Work to be completed | What is needed is an exact copy of the lines in the entries below from the one holding "It filtered a" through the one holding "I think it's", pictures excluded.

Given entries |
========================

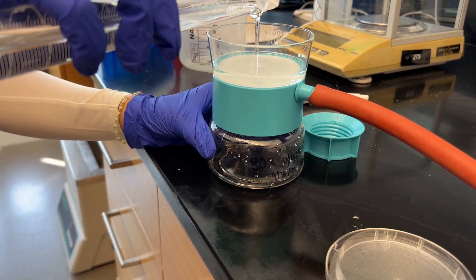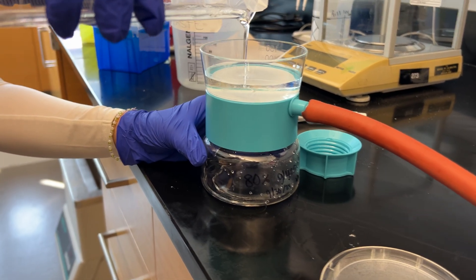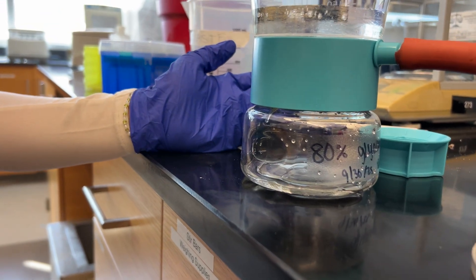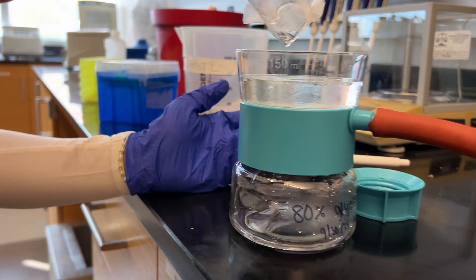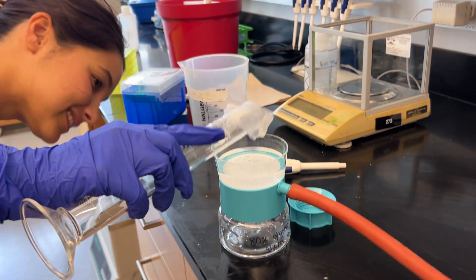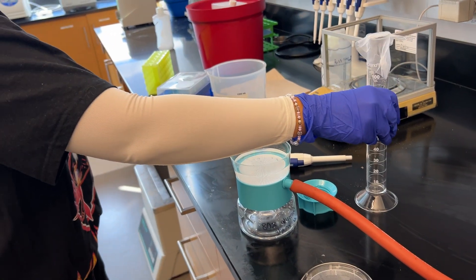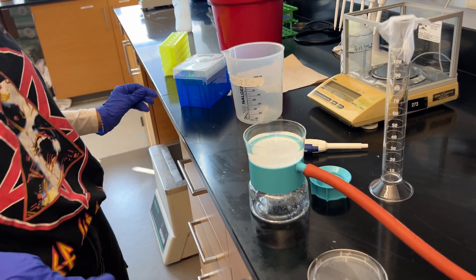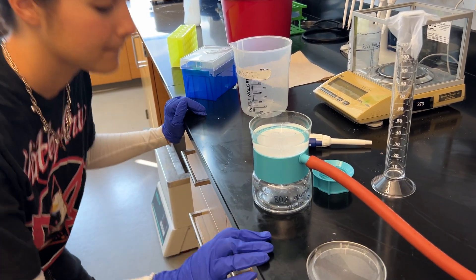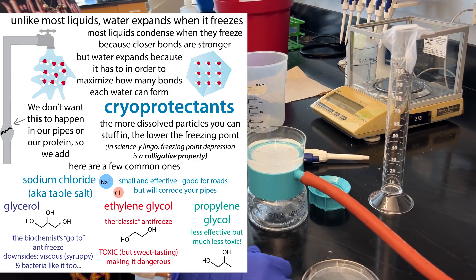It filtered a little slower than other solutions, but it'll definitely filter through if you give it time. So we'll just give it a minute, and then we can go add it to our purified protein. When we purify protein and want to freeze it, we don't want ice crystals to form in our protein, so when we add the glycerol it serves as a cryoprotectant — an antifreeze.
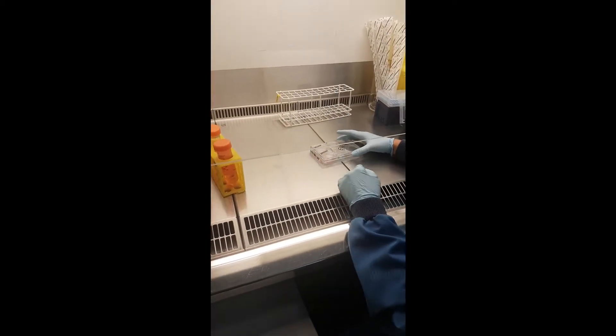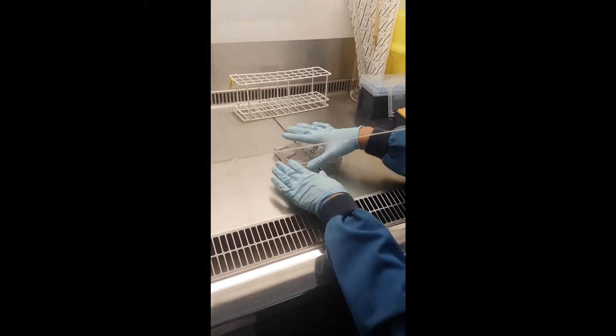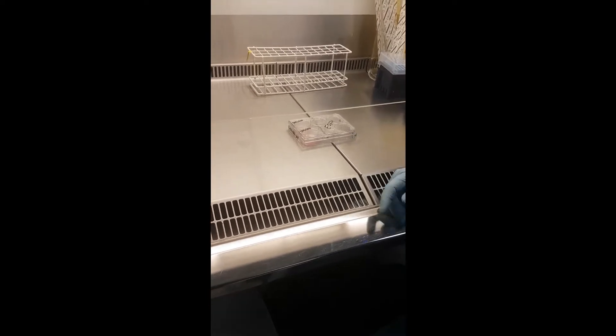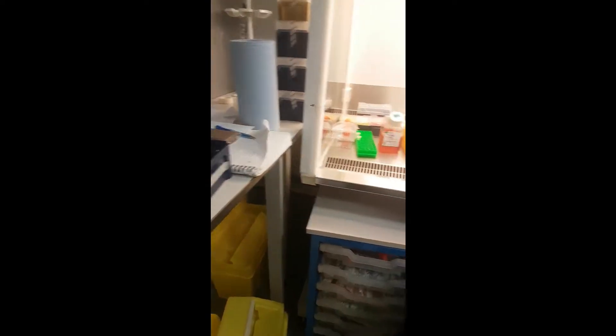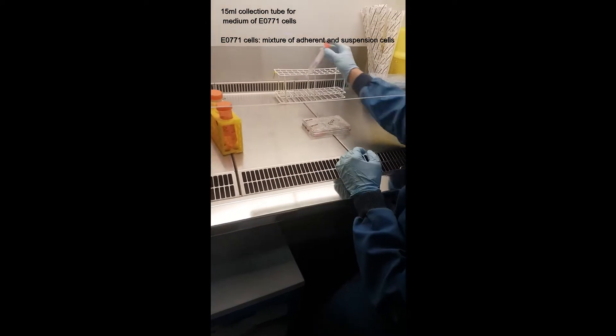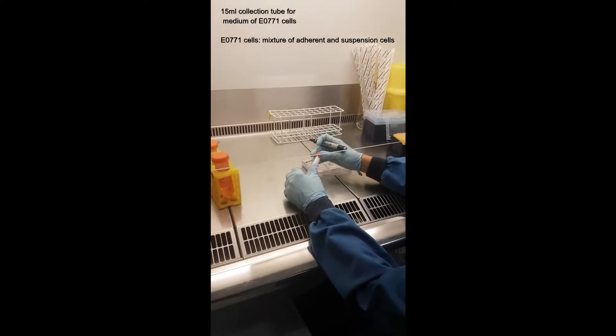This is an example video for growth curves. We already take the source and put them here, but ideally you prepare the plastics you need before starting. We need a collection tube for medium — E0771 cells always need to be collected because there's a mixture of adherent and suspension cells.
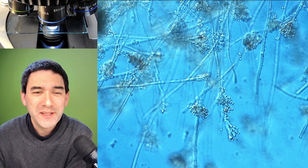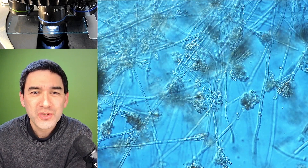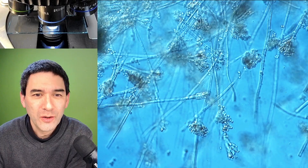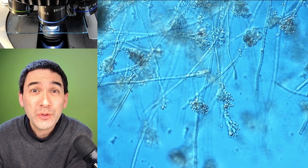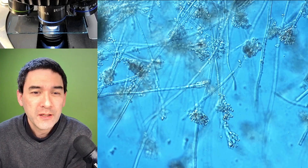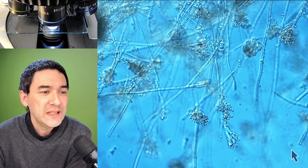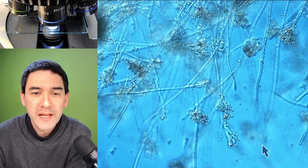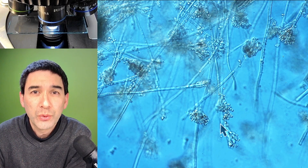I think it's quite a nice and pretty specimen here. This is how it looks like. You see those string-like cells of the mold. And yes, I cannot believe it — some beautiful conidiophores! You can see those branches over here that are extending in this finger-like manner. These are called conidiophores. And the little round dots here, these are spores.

========================

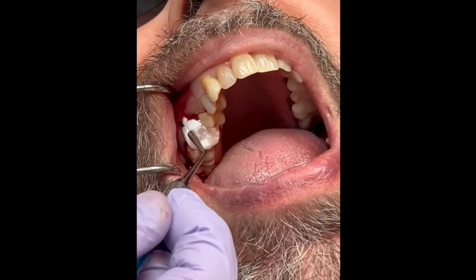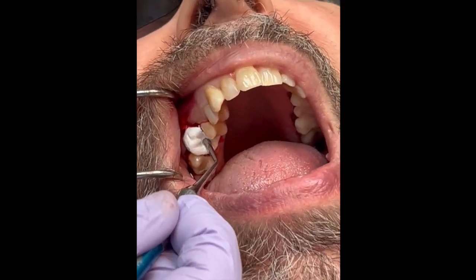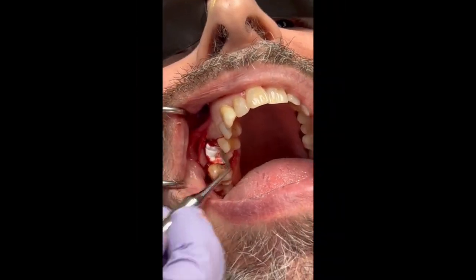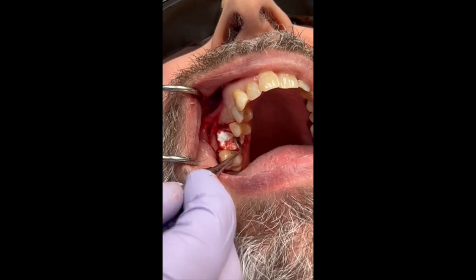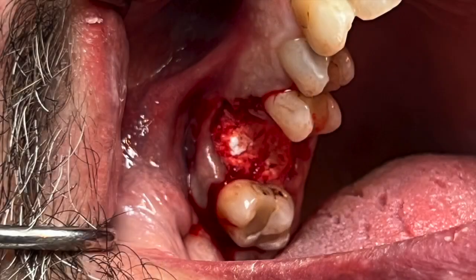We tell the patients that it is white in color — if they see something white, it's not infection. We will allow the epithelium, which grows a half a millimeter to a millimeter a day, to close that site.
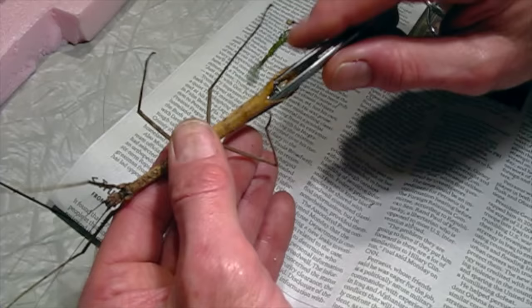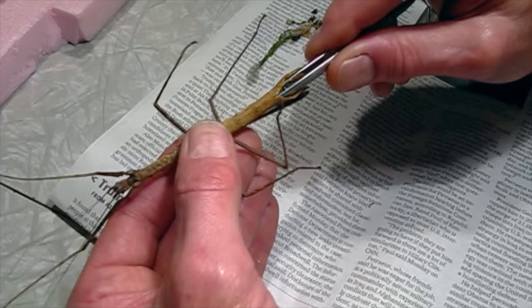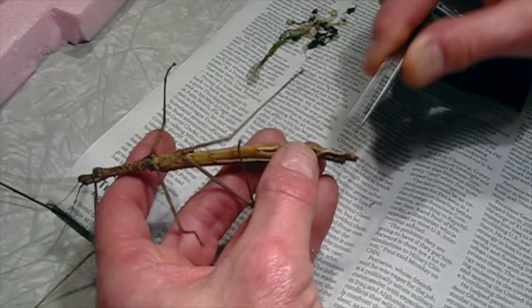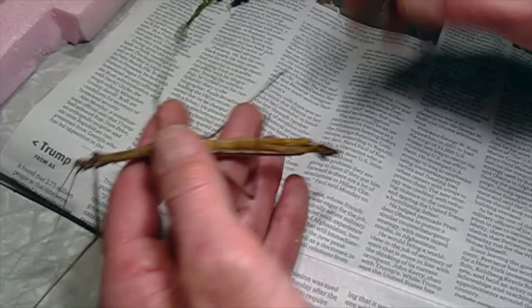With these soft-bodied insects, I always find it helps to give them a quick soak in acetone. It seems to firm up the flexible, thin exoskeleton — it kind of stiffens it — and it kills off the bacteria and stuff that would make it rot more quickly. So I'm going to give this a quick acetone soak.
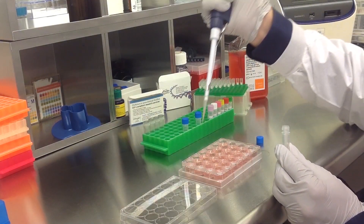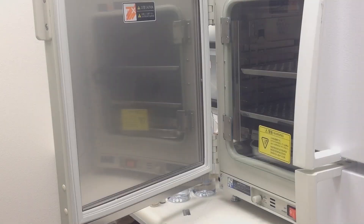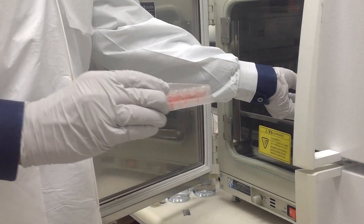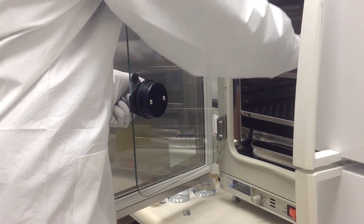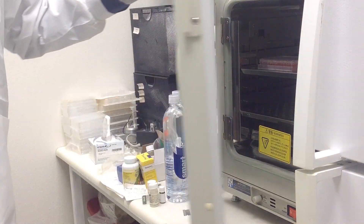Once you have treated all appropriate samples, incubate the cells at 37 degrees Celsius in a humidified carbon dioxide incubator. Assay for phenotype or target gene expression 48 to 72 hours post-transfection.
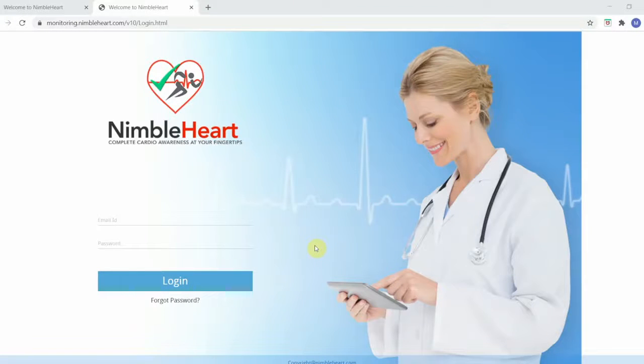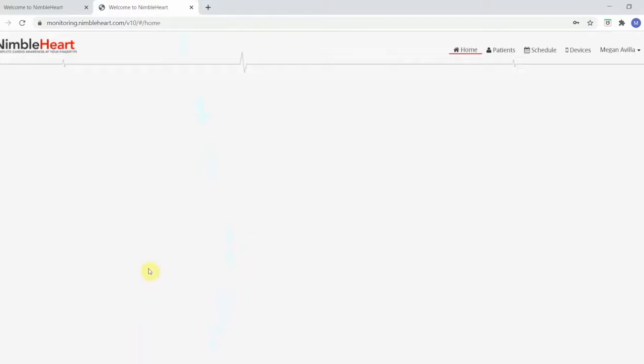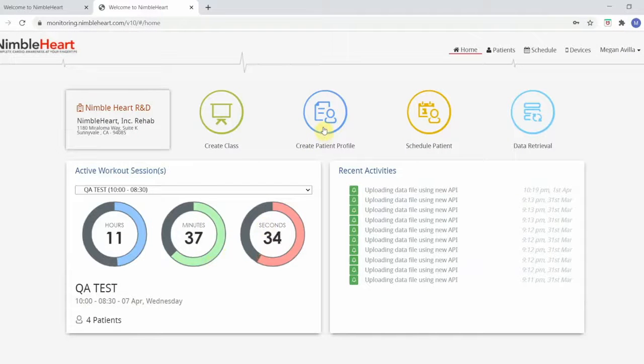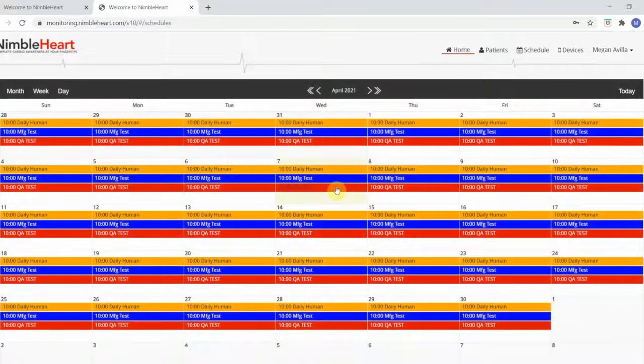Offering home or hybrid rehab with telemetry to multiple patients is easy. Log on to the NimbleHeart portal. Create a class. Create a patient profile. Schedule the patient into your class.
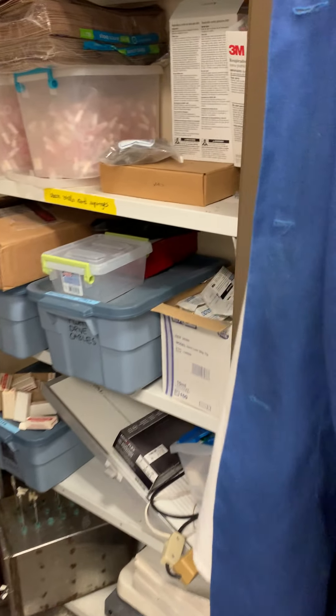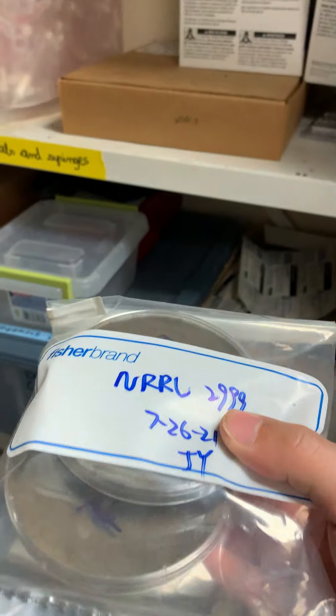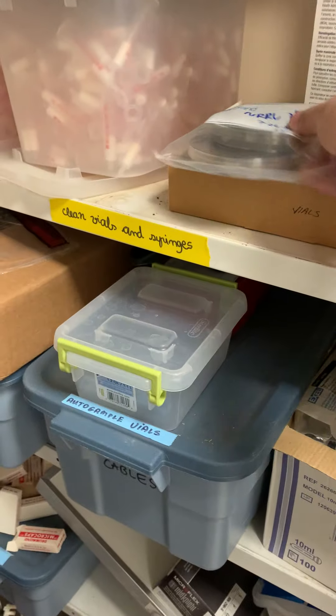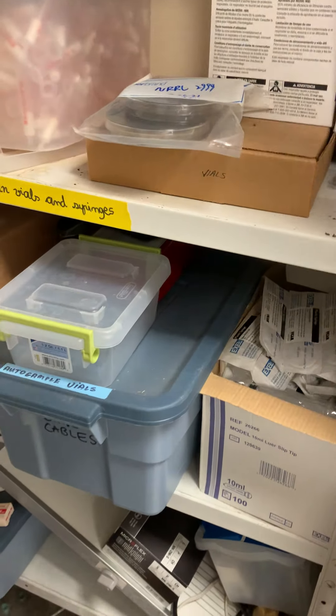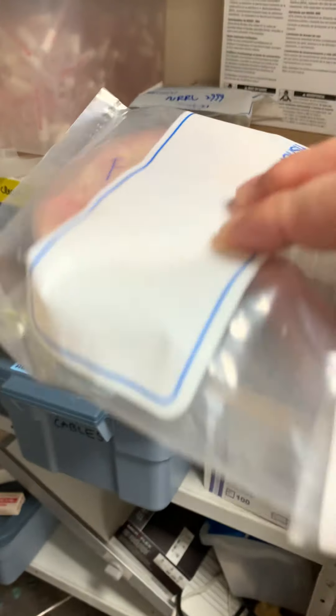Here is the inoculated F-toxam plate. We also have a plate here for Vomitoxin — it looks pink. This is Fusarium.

========================

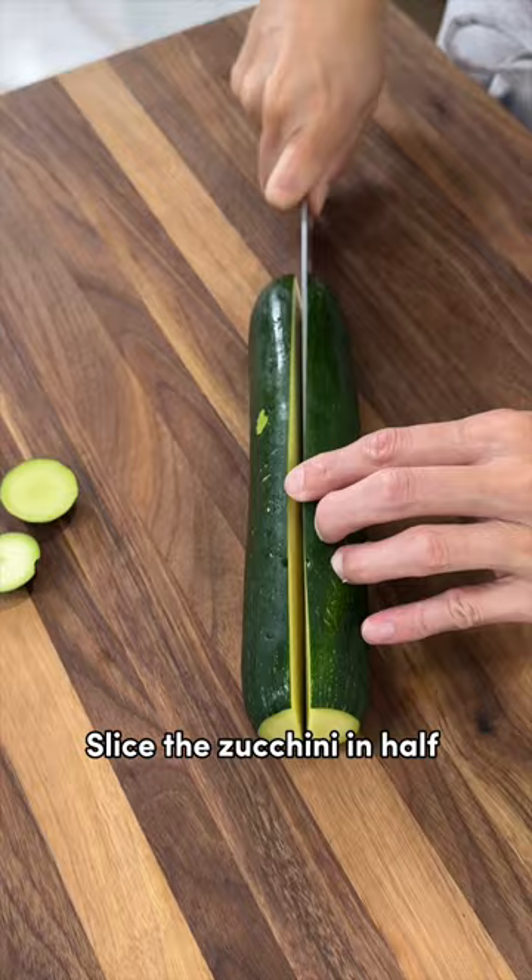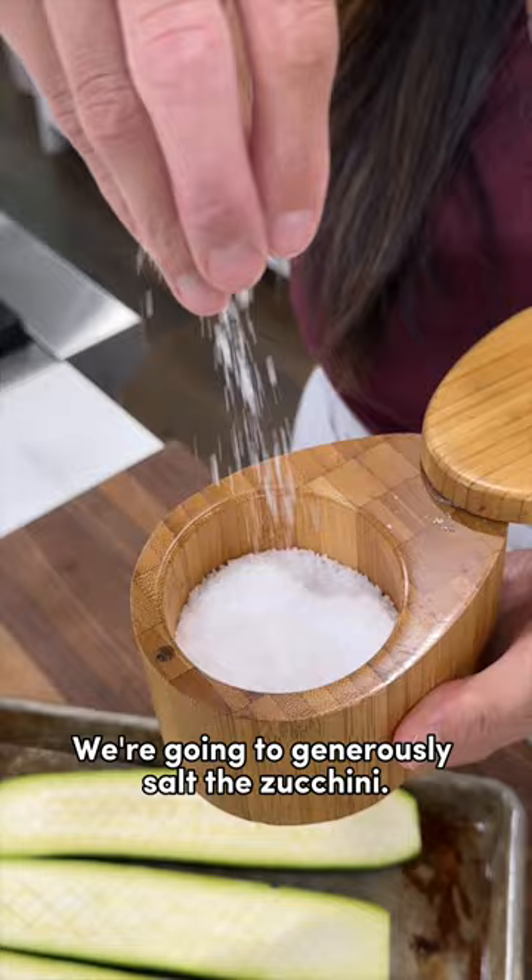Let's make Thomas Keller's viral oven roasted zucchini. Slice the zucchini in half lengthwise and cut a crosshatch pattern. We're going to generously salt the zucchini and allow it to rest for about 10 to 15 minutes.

========================

Task result |
It filtered a little slower than other solutions, but it'll definitely filter through if you give it time. So we'll just give it a minute, and then we can go add it to our purified protein. When we purify protein and want to freeze it, we don't want ice crystals to form in our protein, so when we add the glycerol it serves as a cryoprotectant — an antifreeze.
This is an example video for growth curves. We already take the source and put them here, but ideally you prepare the plastics you need before starting. We need a collection tube for medium — E0771 cells always need to be collected because there's a mixture of adherent and suspension cells.
I think it's quite a nice and pretty specimen here. This is how it looks like. You see those string-like cells of the mold. And yes, I cannot believe it — some beautiful conidiophores! You can see those branches over here that are extending in this finger-like manner. These are called conidiophores. And the little round dots here, these are spores.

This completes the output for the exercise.